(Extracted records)
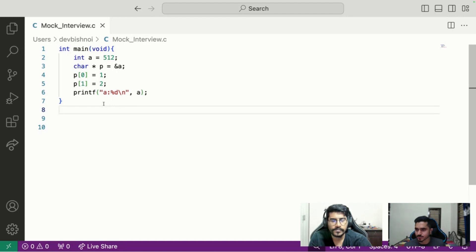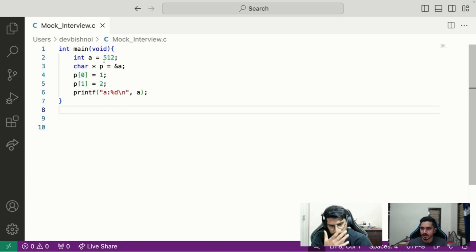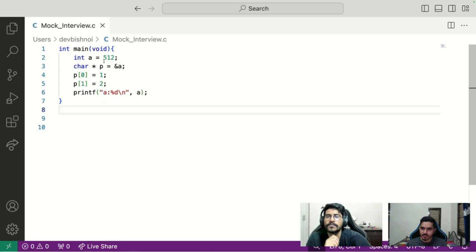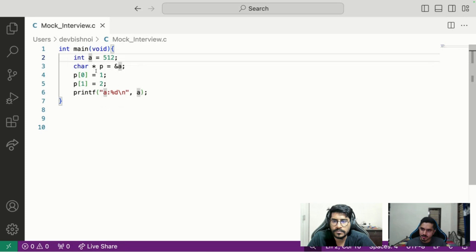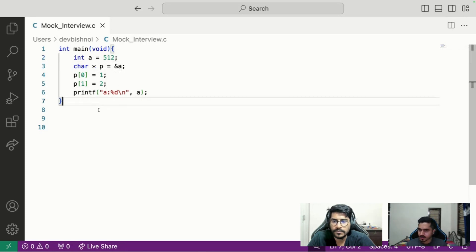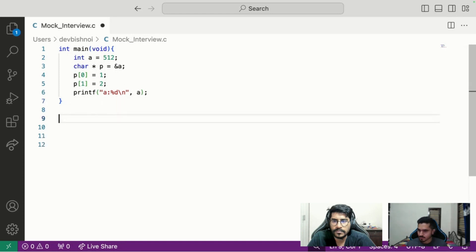For those new to this video, let me explain the question. You have an integer assigned the value 512, then you take its pointer and assign it to a character pointer. You then update certain character pointer fields of that memory, and finally you print the integer a. We know a will be updated because you are accessing the same memory where a is stored, essentially updating the bytes of a using the pointer p.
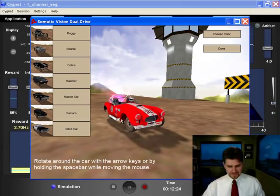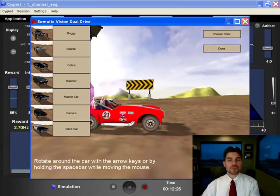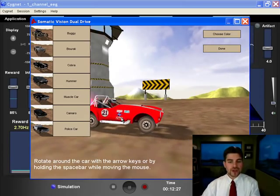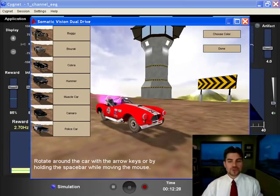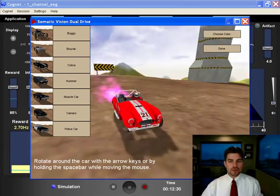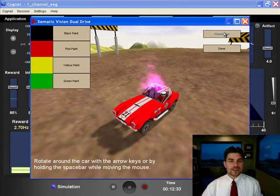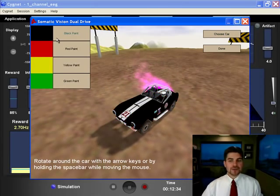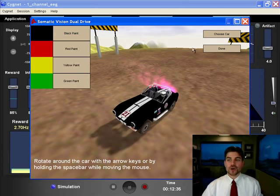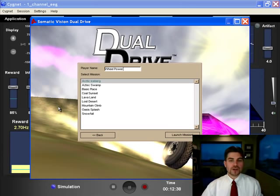And with the keyboard I can rotate around. I can also hold the spacebar and rotate all the way around the car. I can choose a color and go with a black Cobra. I hit done.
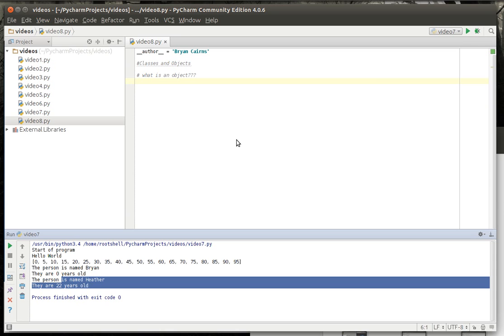Wouldn't it be great if we could create our own objects? Well, we can. We can create a class. And what is a class? It's a blueprint.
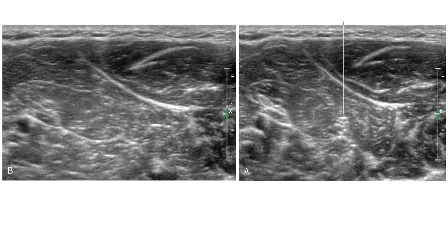This quality leads to the ultrasound image varying depending on the angle between the structure of interest and the ultrasound beam — also called the angle of insonation. When the angle of insonation is perpendicular to the nerve, the nerve appears bright and normal. However, as the angle of insonation increases or decreases away from 90 degrees, the nerve can take a hypoechoic appearance.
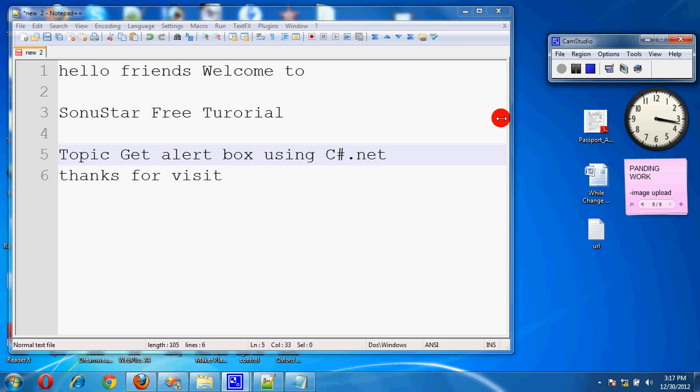Hello friends, welcome to Sonostar tutorial. Today we are going to discuss alert box using C-Sharp.net.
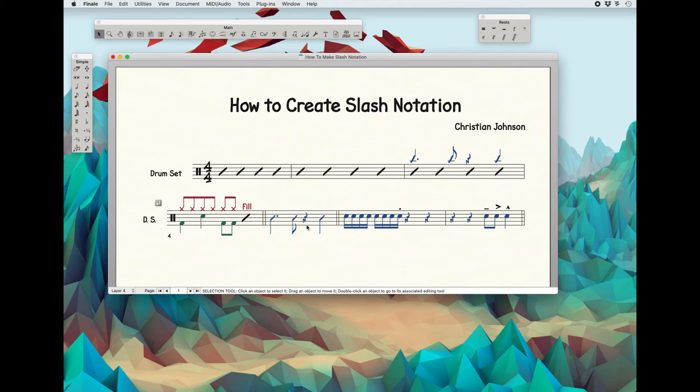And there we go — now it's changed into a Slash Notation. And if you want, you could also do it with stems up. I think I like it with stems down.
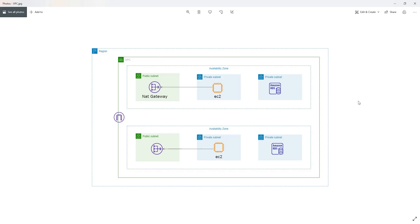This is how you create an AWS architectural diagram. Thank you, and I'll see you in the next tutorial. Bye.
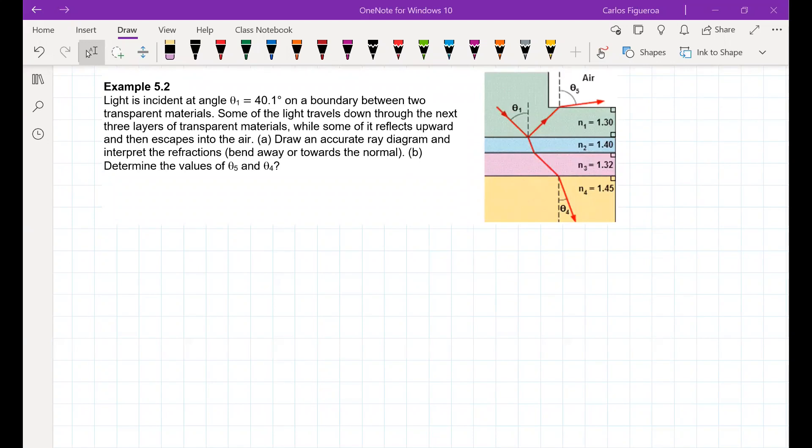Example 5.2. Light is incident at angle theta 1 on a boundary between two transparent mediums. Some of the light travels down through the next three layers of transparent materials, while some of it reflects upward and then escapes into the air. Draw an accurate ray diagram and interpret the refractions — do they bend away or towards the normal, and why? And determine the values of theta 5 and theta 4.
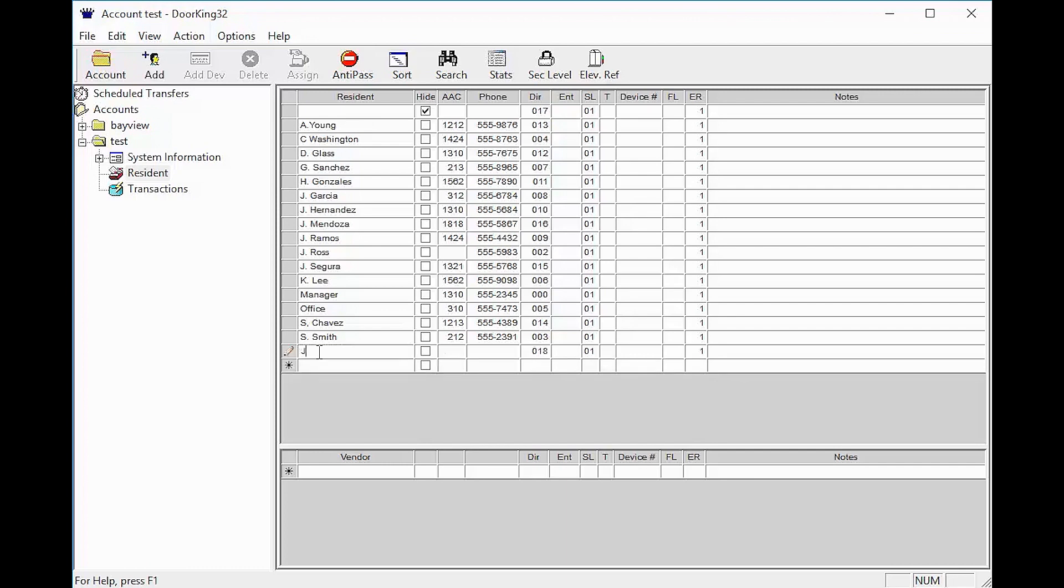The resident column is for the resident's name and can be up to 15 characters long. The hide column is to hide the resident's name from the display on the system.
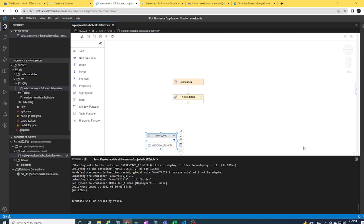With the HANA Cloud recent releases, you will be able to use SQL functions in the filters area. It could be your Business Application Studio as your development tool, or even Web IDE Full Stack can also be used as a development tool to demonstrate this example.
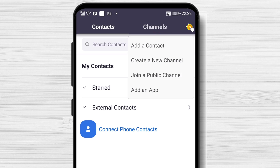What are channels? Channels allow you to easily create private or public groups. You can send group chats, files, screen captures, and images, and start an instant group meeting with or without video. Public channels can have up to 10,000 members. Private channels on paid accounts can have up to 5,000 members, and on free accounts up to 500 members.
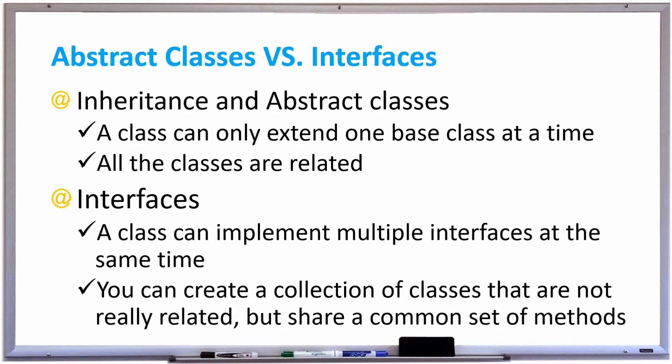In this video I want to discuss the differences between abstract classes versus interfaces. With inheritance and abstract classes, a class can only extend one base class at a time and all the classes are somehow related through inheritance, through the inheritance hierarchy.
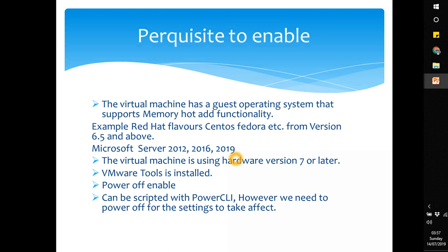Another prerequisite is that the virtual machine must use hardware version 7 or later. In coming sessions I will show you how to upgrade the hardware version to the latest version. VMware Tools are also required — there is a session on installing VMware Tools, which is session 13. VMware Tools are very important for performance and for features like these.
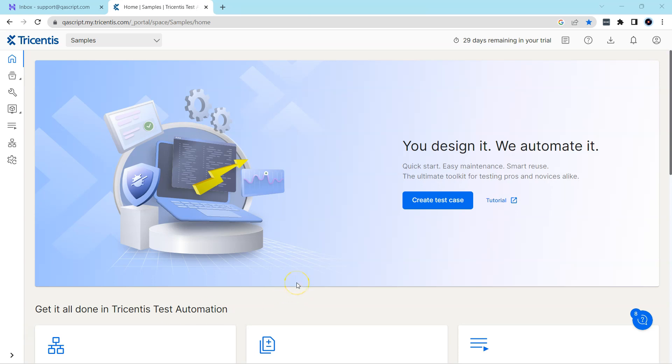Next we'll look at how we can create a first test case with Tricentis Test Automation and we'll also see how we can scan the modules and do a lot of other things for web applications in Tricentis Test Automation.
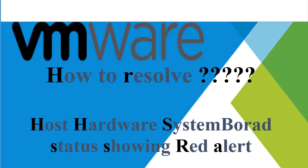Hello all. In this video, I will show you how to resolve if the host hardware system board status is showing red alert on your ESXi.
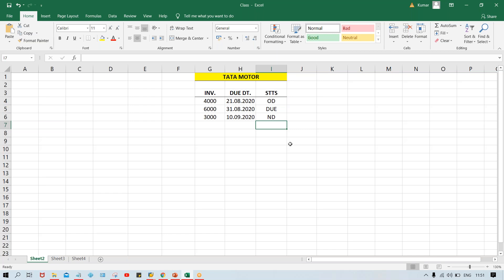Whenever we run the Dunning program, the system is going to select whichever invoices are there — the overdue and due invoices are going to be selected by the system and it is going to generate a letter. But there is one more problem here — this invoice became overdue by a margin of 10 days. This is already overdue, so we are supposed to send a reminder letter. But this invoice became due today itself — is it right to send a reminder to the customer because today itself it has become due?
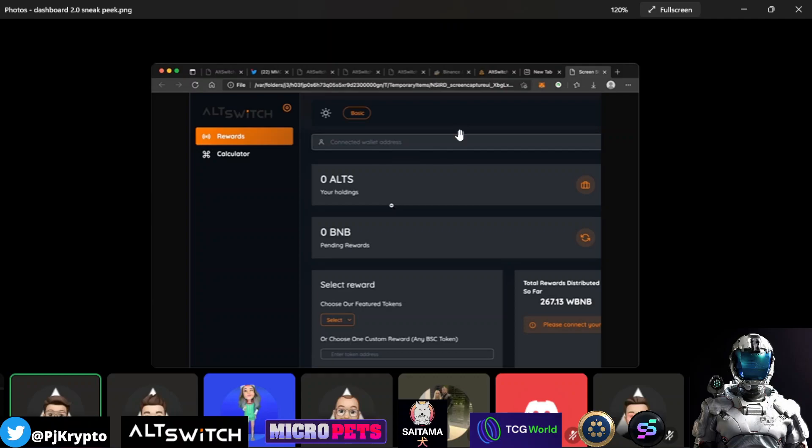But you can see here, it's going to have a field where you can paste in your wallet address and not have to connect your wallet to the Dashboard. Some people like that. I know for myself, I run a Ledger. So this is a really nice feature to have where I can just paste my wallet in there and not have to worry about connecting my cold wallet to it.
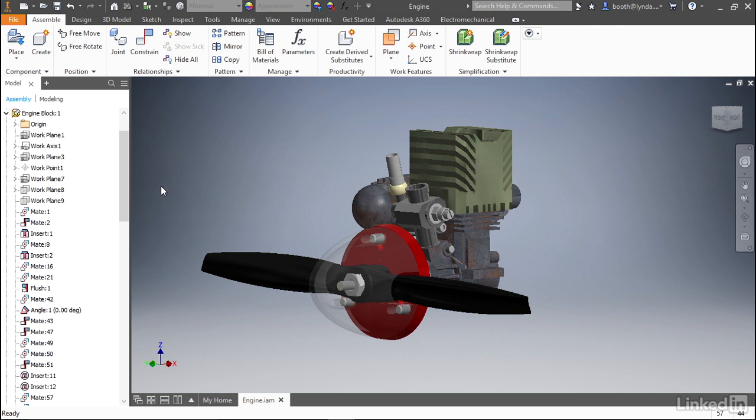What you'll also notice is at the bottom of the browser, the constraints are being pushed off the bottom, and that's really because these work features, which we really aren't interested in right now, are taking up space in the browser.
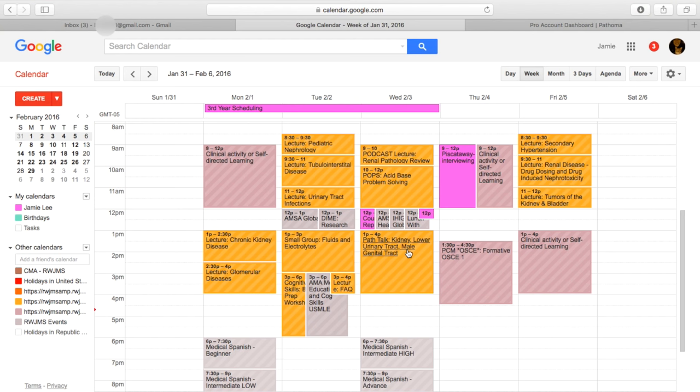So later on Wednesday we have what's called path talk. Unlike other schools, our school doesn't actually have a pathology class separately, so we have pathology worked into different blocks of systems. So we're going to be learning about kidney, lower urinary tract, and male genital tract pathology - we'll be looking at sort of what different tissues look like under the microscope, normal and diseased.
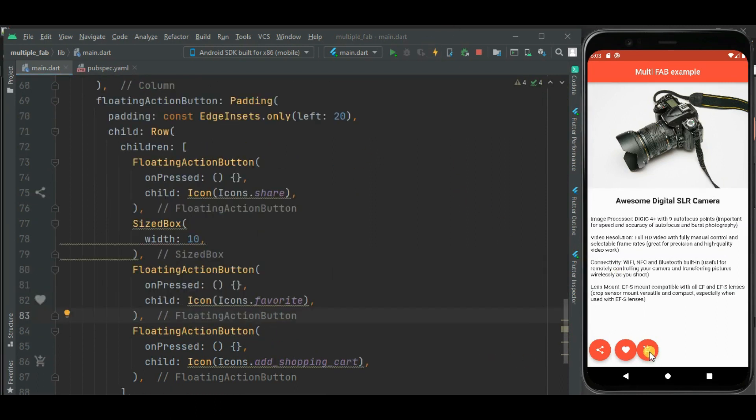Now let's move this add to shopping cart widget on the right side. So for that I will be using expanded widget.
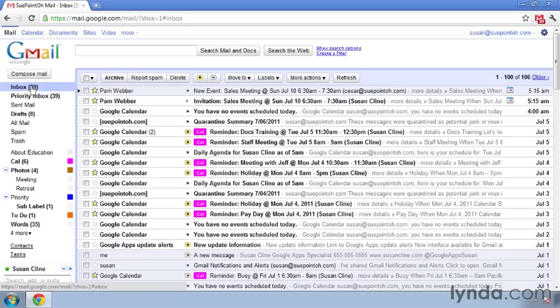Those are some tips for finding lost messages. Also remember: your spam messages are automatically deleted every 30 days. So if the message did go into spam and it's been over 30 days, the message was unfortunately automatically deleted.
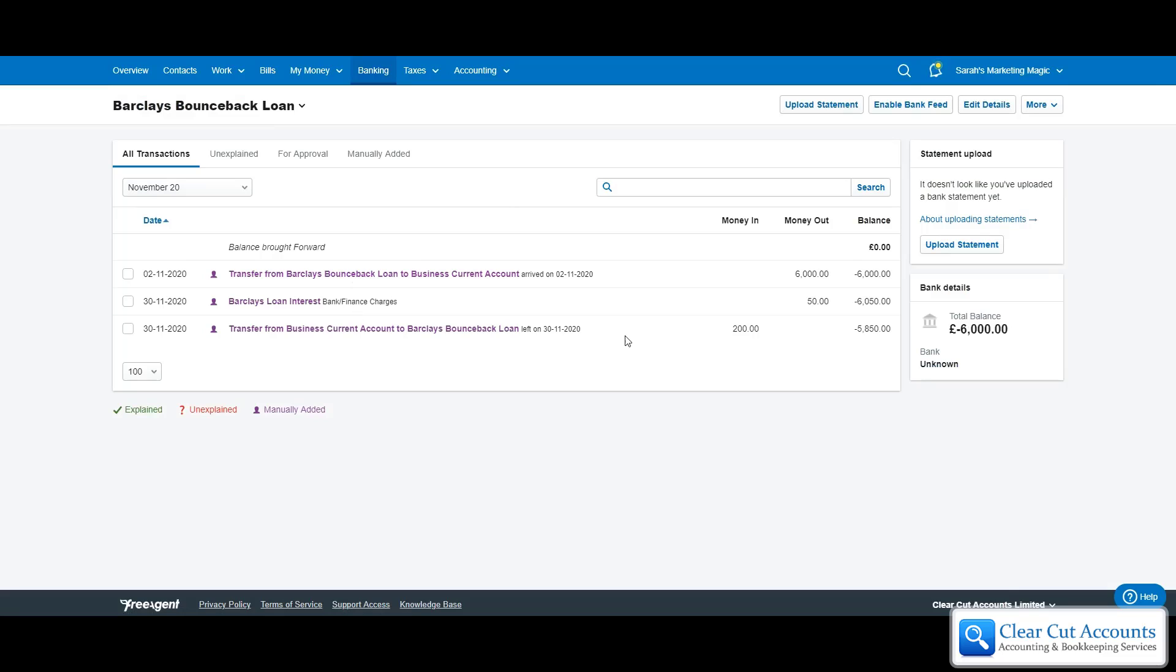So there's the interest, there's the payment, and she can see now that she only owes Barclays £5,850.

## Task to carry out
Word for word, reproduce all of the entries above and omit the pictures.

## Solution
For those new to this video, let me explain the question. You have an integer assigned the value 512, then you take its pointer and assign it to a character pointer. You then update certain character pointer fields of that memory, and finally you print the integer a. We know a will be updated because you are accessing the same memory where a is stored, essentially updating the bytes of a using the pointer p.
And with the keyboard I can rotate around. I can also hold the spacebar and rotate all the way around the car. I can choose a color and go with a black Cobra. I hit done.
Wouldn't it be great if we could create our own objects? Well, we can. We can create a class. And what is a class? It's a blueprint.
This quality leads to the ultrasound image varying depending on the angle between the structure of interest and the ultrasound beam — also called the angle of insonation. When the angle of insonation is perpendicular to the nerve, the nerve appears bright and normal. However, as the angle of insonation increases or decreases away from 90 degrees, the nerve can take a hypoechoic appearance.
Hello friends, welcome to Sonostar tutorial. Today we are going to discuss alert box using C-Sharp.net.
And there we go — now it's changed into a Slash Notation. And if you want, you could also do it with stems up. I think I like it with stems down.
This is how you create an AWS architectural diagram. Thank you, and I'll see you in the next tutorial. Bye.
Example 5.2. Light is incident at angle theta 1 on a boundary between two transparent mediums. Some of the light travels down through the next three layers of transparent materials, while some of it reflects upward and then escapes into the air. Draw an accurate ray diagram and interpret the refractions — do they bend away or towards the normal, and why? And determine the values of theta 5 and theta 4.
The resident column is for the resident's name and can be up to 15 characters long. The hide column is to hide the resident's name from the display on the system.
With the HANA Cloud recent releases, you will be able to use SQL functions in the filters area. It could be your Business Application Studio as your development tool, or even Web IDE Full Stack can also be used as a development tool to demonstrate this example.
What are channels? Channels allow you to easily create private or public groups. You can send group chats, files, screen captures, and images, and start an instant group meeting with or without video. Public channels can have up to 10,000 members. Private channels on paid accounts can have up to 5,000 members, and on free accounts up to 500 members.
In this video I want to discuss the differences between abstract classes versus interfaces. With inheritance and abstract classes, a class can only extend one base class at a time and all the classes are somehow related through inheritance, through the inheritance hierarchy.
Another prerequisite is that the virtual machine must use hardware version 7 or later. In coming sessions I will show you how to upgrade the hardware version to the latest version. VMware Tools are also required — there is a session on installing VMware Tools, which is session 13. VMware Tools are very important for performance and for features like these.
Next we'll look at how we can create a first test case with Tricentis Test Automation and we'll also see how we can scan the modules and do a lot of other things for web applications in Tricentis Test Automation.
Hello all. In this video, I will show you how to resolve if the host hardware system board status is showing red alert on your ESXi.
Whenever we run the Dunning program, the system is going to select whichever invoices are there — the overdue and due invoices are going to be selected by the system and it is going to generate a letter. But there is one more problem here — this invoice became overdue by a margin of 10 days. This is already overdue, so we are supposed to send a reminder letter. But this invoice became due today itself — is it right to send a reminder to the customer because today itself it has become due?
But you can see here, it's going to have a field where you can paste in your wallet address and not have to connect your wallet to the Dashboard. Some people like that. I know for myself, I run a Ledger. So this is a really nice feature to have where I can just paste my wallet in there and not have to worry about connecting my cold wallet to it.
What you'll also notice is at the bottom of the browser, the constraints are being pushed off the bottom, and that's really because these work features, which we really aren't interested in right now, are taking up space in the browser.
So later on Wednesday we have what's called path talk. Unlike other schools, our school doesn't actually have a pathology class separately, so we have pathology worked into different blocks of systems. So we're going to be learning about kidney, lower urinary tract, and male genital tract pathology - we'll be looking at sort of what different tissues look like under the microscope, normal and diseased.
Now let's move this add to shopping cart widget on the right side. So for that I will be using expanded widget.
Those are some tips for finding lost messages. Also remember: your spam messages are automatically deleted every 30 days. So if the message did go into spam and it's been over 30 days, the message was unfortunately automatically deleted.
So there's the interest, there's the payment, and she can see now that she only owes Barclays £5,850.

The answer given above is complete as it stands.